Abstract

A Haptic Jamming tactile display, consisting of an array of thin particle jamming cells, can change its shape and mechanical properties simultaneously through a combination of vacuuming individual cells, pressurizing the air chamber beneath the surface, and pinning the nodes between the cells at various heights. In previous particle jamming devices for haptics and soft robotics, shape has typically been commanded open-loop or manipulated directly by a human user. A new algorithm was designed for the three types of actuation inputs for a Haptic Jamming surface, using the depth map provided by an RGB-D sensor as shape feedback for closed-loop control to match a desired surface input.
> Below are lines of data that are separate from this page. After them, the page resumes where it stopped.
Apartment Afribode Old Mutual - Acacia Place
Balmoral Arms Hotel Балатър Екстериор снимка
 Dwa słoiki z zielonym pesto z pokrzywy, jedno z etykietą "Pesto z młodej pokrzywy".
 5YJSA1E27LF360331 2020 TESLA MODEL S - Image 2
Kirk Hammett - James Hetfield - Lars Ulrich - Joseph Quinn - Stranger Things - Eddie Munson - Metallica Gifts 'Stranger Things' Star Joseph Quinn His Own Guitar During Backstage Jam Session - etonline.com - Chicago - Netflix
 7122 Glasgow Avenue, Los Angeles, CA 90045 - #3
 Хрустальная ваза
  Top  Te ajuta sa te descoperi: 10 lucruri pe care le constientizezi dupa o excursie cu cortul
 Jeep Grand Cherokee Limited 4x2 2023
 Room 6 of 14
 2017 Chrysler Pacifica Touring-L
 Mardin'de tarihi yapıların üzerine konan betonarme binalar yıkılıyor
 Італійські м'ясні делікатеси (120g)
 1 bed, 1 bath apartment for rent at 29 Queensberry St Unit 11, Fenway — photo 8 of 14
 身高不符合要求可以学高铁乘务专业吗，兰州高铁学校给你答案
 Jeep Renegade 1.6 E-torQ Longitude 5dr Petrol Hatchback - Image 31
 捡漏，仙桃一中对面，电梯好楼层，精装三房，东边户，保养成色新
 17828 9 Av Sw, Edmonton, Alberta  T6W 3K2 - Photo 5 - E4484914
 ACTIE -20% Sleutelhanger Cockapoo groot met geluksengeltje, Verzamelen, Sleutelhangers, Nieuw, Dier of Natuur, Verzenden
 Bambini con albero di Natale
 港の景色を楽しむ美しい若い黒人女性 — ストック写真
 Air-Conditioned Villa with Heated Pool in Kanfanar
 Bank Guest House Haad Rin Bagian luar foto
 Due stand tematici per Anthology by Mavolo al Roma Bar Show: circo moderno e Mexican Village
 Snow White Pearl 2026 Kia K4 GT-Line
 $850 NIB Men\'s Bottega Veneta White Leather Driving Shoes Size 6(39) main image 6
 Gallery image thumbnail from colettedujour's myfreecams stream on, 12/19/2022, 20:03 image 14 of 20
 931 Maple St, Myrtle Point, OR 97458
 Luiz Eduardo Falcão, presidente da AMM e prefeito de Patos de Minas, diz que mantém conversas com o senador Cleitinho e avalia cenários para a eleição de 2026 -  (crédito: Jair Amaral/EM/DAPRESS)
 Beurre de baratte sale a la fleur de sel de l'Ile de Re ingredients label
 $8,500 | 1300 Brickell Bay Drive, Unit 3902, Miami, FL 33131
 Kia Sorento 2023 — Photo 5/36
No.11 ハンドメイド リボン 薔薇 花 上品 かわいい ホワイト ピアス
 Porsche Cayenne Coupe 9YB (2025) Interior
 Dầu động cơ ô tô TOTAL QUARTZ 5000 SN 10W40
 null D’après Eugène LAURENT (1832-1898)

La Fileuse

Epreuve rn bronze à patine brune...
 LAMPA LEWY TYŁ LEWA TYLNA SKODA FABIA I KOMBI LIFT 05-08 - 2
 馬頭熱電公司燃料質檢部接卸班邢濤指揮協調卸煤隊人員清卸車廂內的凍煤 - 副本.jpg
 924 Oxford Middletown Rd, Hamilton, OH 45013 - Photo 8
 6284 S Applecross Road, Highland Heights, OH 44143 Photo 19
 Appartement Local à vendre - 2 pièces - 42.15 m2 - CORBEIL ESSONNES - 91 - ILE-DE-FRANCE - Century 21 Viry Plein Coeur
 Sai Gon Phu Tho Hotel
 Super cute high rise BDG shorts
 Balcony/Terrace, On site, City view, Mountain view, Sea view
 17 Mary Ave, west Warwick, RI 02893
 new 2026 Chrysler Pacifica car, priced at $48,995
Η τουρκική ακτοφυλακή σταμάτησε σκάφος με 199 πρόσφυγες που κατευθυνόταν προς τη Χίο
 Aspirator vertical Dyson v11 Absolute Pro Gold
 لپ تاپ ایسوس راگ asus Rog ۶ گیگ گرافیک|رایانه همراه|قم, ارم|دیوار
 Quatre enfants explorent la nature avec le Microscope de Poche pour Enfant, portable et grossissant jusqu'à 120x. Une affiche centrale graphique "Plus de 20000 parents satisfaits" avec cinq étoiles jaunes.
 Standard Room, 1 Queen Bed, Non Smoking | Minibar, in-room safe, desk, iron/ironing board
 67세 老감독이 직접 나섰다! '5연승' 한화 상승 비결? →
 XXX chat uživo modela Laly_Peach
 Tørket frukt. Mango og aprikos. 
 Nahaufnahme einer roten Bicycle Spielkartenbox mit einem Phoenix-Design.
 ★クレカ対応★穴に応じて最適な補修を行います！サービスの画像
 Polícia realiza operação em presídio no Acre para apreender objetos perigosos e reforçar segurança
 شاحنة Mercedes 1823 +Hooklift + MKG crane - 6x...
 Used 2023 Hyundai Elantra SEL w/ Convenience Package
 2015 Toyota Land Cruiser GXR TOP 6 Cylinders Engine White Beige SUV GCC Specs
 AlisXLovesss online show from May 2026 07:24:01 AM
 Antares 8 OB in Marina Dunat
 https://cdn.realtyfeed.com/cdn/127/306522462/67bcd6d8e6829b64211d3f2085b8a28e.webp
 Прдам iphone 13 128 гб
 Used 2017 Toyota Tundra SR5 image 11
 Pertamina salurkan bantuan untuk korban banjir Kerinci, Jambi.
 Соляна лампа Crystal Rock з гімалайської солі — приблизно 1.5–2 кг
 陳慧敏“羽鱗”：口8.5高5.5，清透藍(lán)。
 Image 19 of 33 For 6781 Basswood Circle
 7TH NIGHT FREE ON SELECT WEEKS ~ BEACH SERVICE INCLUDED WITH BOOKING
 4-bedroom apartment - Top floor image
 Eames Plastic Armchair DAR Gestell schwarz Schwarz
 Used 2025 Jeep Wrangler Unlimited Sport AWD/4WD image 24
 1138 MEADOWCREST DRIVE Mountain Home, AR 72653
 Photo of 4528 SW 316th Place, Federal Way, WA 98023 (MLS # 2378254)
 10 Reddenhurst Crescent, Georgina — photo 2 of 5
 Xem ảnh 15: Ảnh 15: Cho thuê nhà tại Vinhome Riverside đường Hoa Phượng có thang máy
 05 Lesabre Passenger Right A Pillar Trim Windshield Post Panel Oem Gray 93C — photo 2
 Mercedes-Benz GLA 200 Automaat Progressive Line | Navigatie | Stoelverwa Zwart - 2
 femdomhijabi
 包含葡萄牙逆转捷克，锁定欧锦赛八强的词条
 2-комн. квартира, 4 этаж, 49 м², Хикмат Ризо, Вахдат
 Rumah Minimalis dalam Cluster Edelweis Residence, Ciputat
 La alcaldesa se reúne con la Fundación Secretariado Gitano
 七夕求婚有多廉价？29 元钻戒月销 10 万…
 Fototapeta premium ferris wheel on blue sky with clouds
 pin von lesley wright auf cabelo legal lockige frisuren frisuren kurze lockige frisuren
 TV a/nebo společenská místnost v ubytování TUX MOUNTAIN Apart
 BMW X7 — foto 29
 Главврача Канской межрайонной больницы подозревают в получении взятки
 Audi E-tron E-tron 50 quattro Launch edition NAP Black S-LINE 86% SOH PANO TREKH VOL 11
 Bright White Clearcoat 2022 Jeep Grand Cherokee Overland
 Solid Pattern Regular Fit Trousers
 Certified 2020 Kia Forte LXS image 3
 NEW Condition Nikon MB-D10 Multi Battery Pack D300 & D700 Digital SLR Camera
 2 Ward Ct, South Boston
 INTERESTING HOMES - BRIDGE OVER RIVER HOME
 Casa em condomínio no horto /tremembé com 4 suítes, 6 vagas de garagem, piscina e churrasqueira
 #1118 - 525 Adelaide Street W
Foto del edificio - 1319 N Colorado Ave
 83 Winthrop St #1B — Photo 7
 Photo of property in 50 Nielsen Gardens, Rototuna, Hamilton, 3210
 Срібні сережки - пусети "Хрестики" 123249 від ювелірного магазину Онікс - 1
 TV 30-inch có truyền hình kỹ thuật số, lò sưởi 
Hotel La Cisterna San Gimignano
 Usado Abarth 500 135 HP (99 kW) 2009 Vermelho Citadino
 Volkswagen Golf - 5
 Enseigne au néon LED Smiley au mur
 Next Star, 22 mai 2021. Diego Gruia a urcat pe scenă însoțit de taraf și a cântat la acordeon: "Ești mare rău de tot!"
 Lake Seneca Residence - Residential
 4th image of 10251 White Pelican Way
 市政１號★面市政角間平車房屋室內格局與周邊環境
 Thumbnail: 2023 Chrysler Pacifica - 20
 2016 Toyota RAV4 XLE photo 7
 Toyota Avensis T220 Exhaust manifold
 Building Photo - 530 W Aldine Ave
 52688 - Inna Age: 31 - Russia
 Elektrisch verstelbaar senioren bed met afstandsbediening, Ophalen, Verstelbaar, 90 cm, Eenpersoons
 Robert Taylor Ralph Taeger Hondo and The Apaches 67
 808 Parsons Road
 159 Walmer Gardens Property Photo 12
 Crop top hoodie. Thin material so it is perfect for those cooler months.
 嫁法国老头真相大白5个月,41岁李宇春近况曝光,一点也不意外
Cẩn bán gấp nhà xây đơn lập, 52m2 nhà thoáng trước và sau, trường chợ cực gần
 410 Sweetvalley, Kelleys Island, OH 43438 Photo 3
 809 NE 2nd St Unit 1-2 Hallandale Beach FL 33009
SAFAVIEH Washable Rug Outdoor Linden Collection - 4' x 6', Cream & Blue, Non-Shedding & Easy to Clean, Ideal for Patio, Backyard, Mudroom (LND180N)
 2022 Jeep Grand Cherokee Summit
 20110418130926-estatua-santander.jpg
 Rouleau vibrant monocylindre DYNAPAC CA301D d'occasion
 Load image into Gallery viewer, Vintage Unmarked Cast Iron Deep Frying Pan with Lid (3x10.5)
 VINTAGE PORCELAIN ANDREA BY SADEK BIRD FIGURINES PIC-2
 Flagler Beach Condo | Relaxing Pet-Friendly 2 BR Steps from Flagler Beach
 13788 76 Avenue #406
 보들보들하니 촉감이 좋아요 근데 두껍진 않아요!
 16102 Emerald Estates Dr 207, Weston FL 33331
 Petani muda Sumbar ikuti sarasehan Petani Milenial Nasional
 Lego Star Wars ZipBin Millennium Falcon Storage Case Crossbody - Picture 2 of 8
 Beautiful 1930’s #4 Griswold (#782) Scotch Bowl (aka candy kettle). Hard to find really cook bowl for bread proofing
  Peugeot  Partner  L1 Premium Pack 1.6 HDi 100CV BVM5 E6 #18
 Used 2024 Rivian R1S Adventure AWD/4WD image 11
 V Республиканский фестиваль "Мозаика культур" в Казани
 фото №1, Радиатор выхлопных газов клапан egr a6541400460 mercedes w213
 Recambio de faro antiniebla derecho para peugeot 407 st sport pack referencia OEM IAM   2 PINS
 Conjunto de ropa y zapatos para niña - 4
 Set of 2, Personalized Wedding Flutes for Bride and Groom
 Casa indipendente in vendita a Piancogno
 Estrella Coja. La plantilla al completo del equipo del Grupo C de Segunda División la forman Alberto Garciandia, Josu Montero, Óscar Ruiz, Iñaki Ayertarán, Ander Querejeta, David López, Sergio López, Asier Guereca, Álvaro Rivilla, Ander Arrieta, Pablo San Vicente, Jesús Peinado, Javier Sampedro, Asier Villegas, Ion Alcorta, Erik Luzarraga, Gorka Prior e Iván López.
To test the closed-loop control accuracy of the system, a mass-spring model of the Haptic Jamming device generated three unique surface shapes as desired inputs into the controller with a mean height range of 25.1 mm. The average correlation coefficient between the desired input shape and the experimental output generated by the controller on the actual device across four trials for each shape was 0.88, with an average height error of 2.7 mm. When the desired input surface is generated from a 3D model of an object that a Haptic Jamming surface cannot necessarily re-create, the difference between the input and the output increases substantially. However, simulation of a larger array suggests that a Haptic Jamming surface can provide a compelling match for these more complicated shapes.